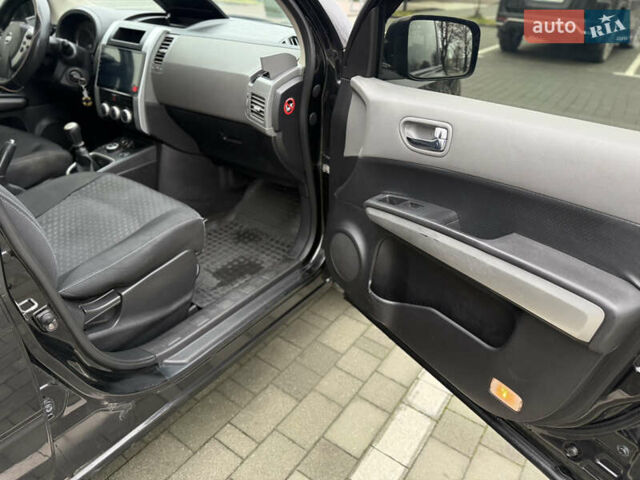 Черный Ниссан ИксТрейл, объемом двигателя 2.49 л и пробегом 197 тыс. км за 8888 $, фото 39 на Automoto.ua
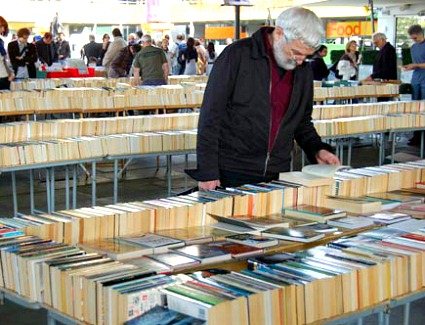 Riverside Walk Market, London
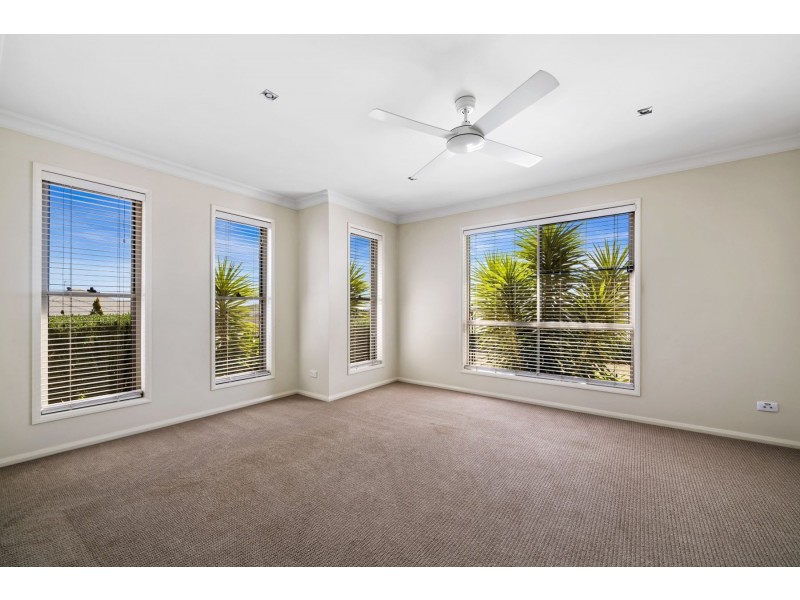 6 Carla Crescent, Westbrook QLD 4350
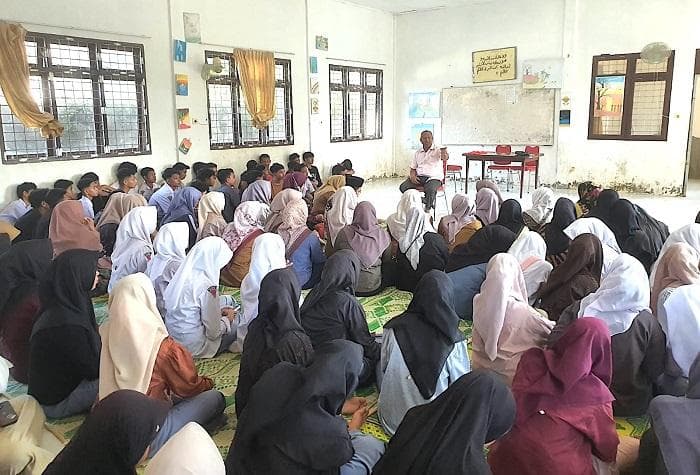 Ribuan Siswa Aceh Utara Belajar di Lantai Pascabanjir, 67 Sekolah Terdampak
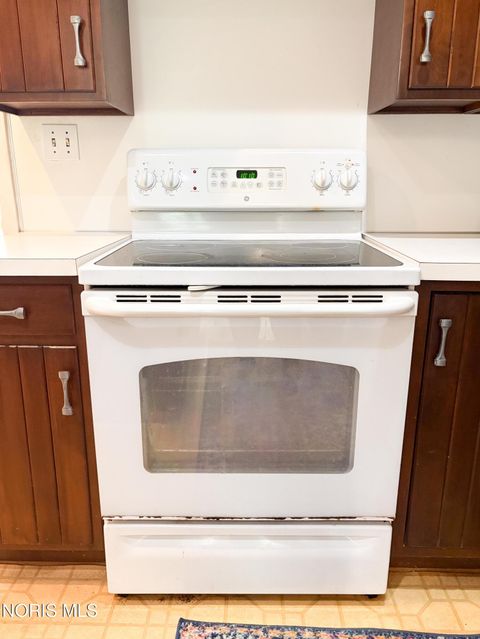Tiny photo for 6162 Greenacre Road, Toledo, OH 43615 (MLS # 10010721)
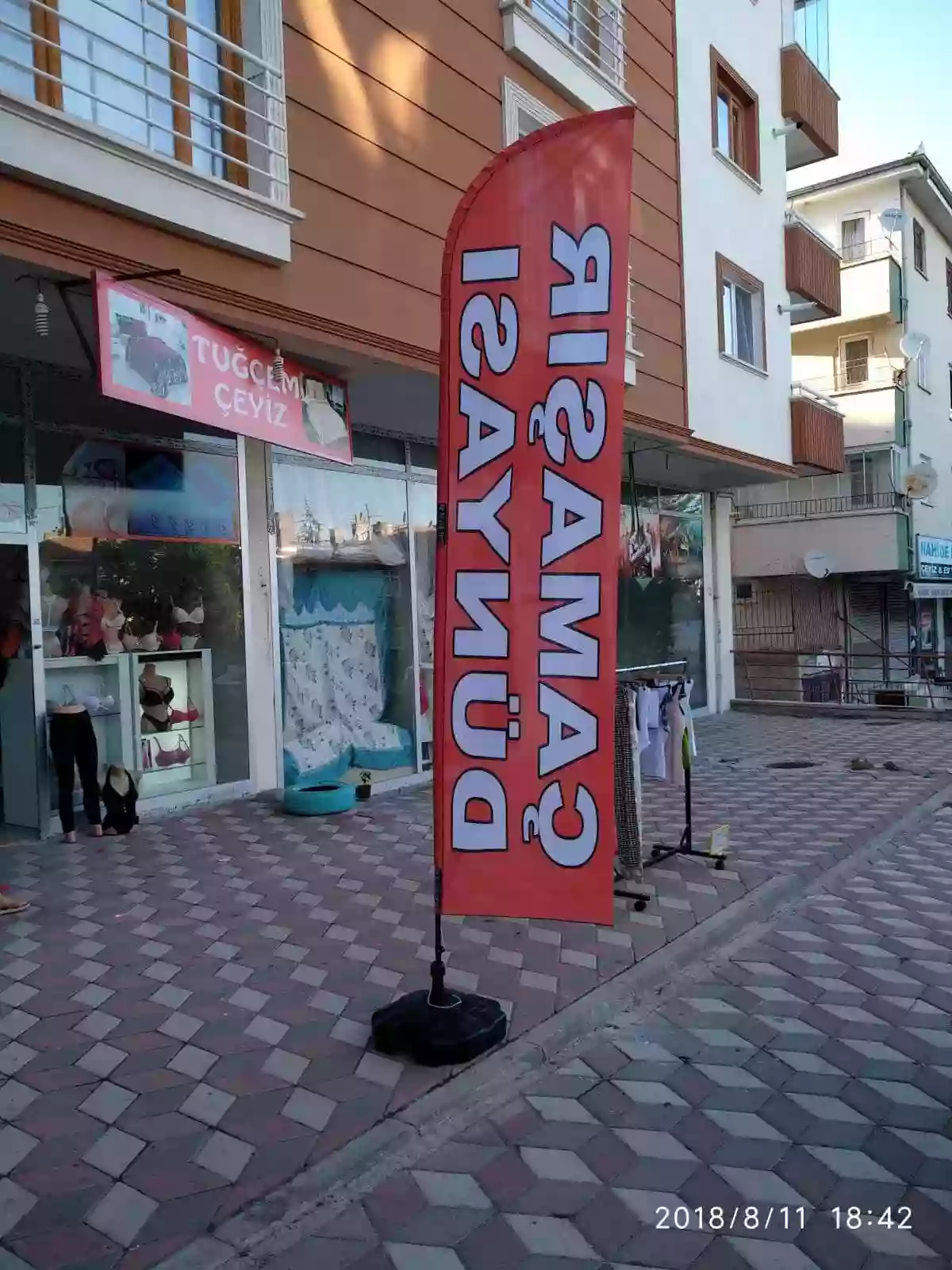 corap-camasir-yelken-bayragi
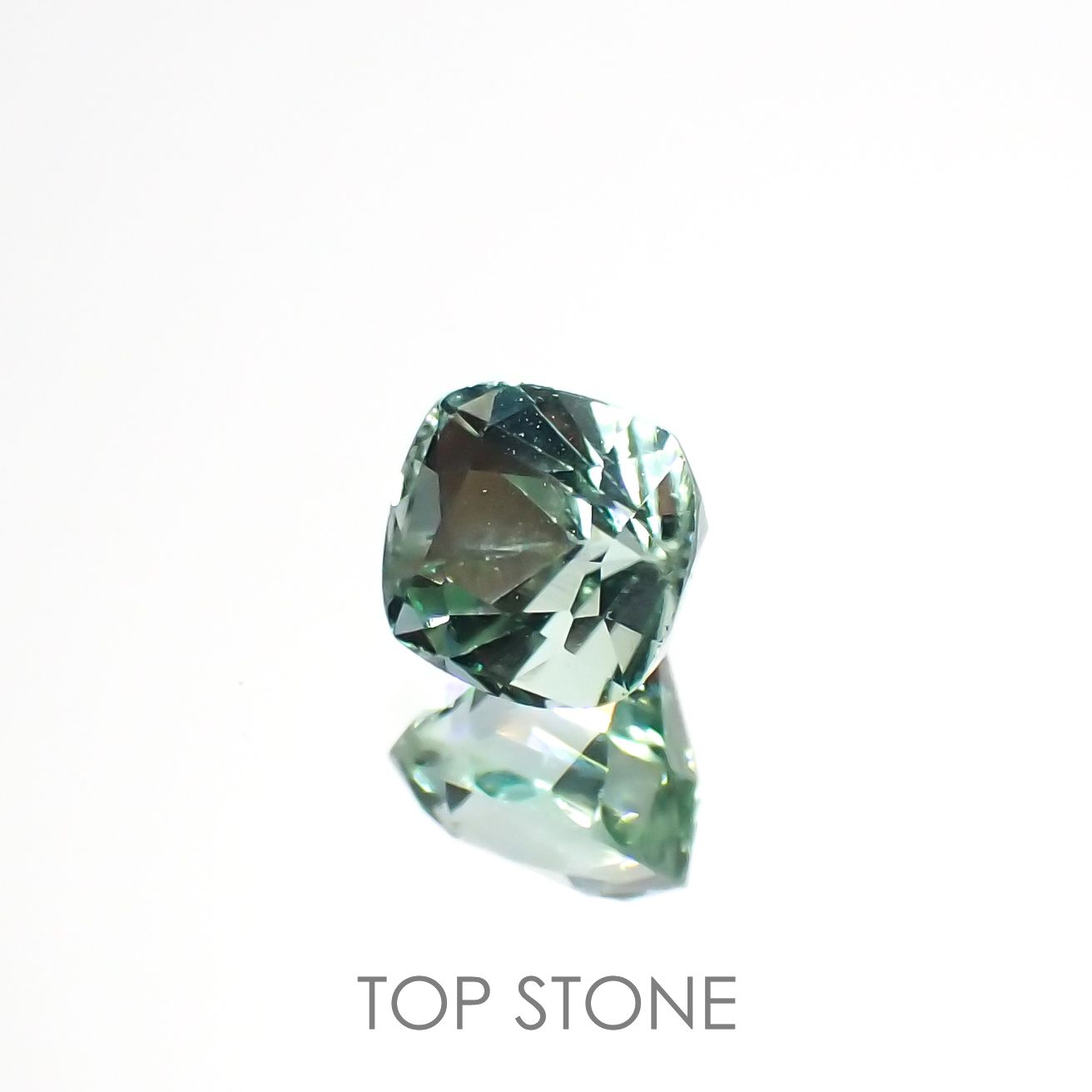 ブルーグリーントルマリン(宝石名トルマリン)アフガニスタン産 0.94ct 識別済[221018340]5.5x5.2mm前後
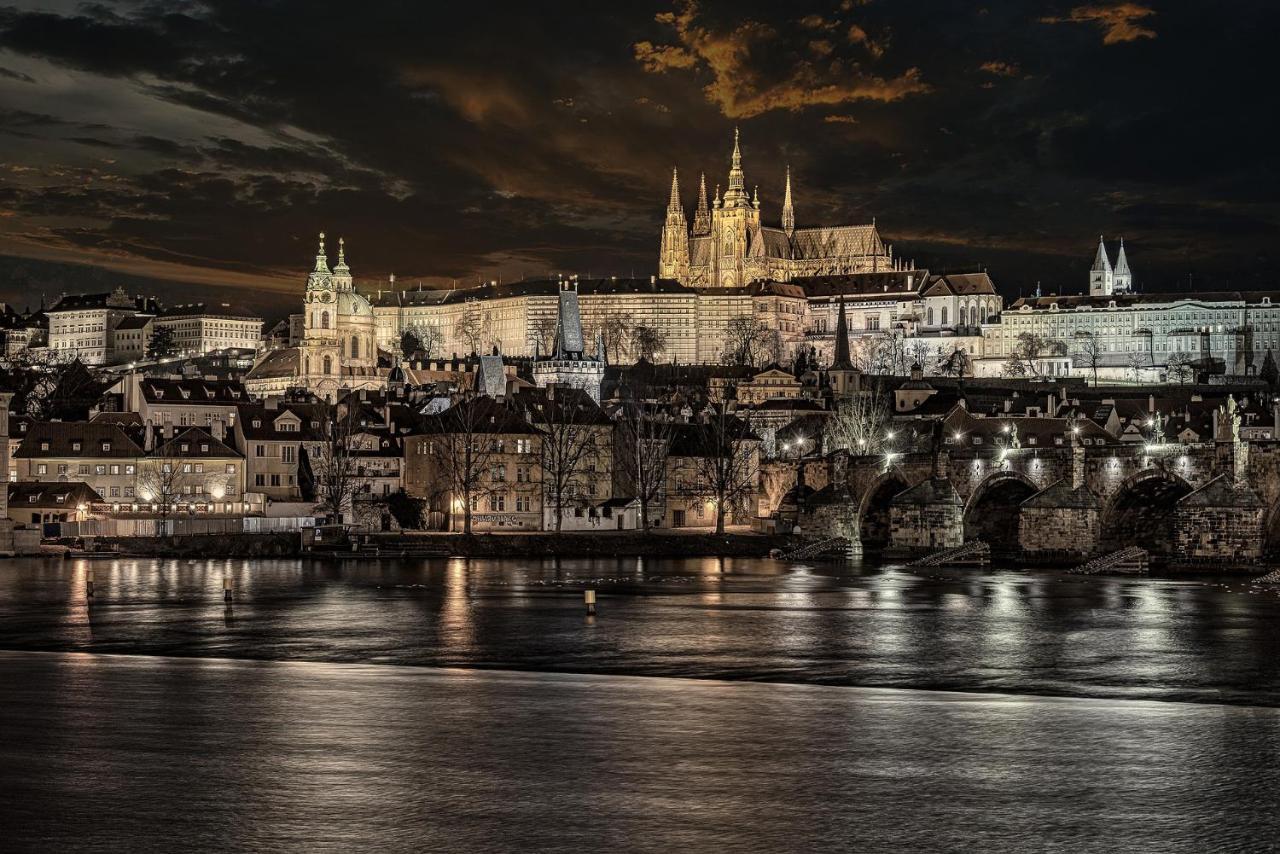 Отель Prague Old Town Liliova Garden Экстерьер фото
* * *
How to complete this task ▸
Please give back all the records above word for word, with no pictures included.

Task answer ▸
 Черный Ниссан ИксТрейл, объемом двигателя 2.49 л и пробегом 197 тыс. км за 8888 $, фото 39 на Automoto.ua
 Riverside Walk Market, London
 6 Carla Crescent, Westbrook QLD 4350
 Ribuan Siswa Aceh Utara Belajar di Lantai Pascabanjir, 67 Sekolah Terdampak
Tiny photo for 6162 Greenacre Road, Toledo, OH 43615 (MLS # 10010721)
 corap-camasir-yelken-bayragi
 ブルーグリーントルマリン(宝石名トルマリン)アフガニスタン産 0.94ct 識別済[221018340]5.5x5.2mm前後
 Отель Prague Old Town Liliova Garden Экстерьер фото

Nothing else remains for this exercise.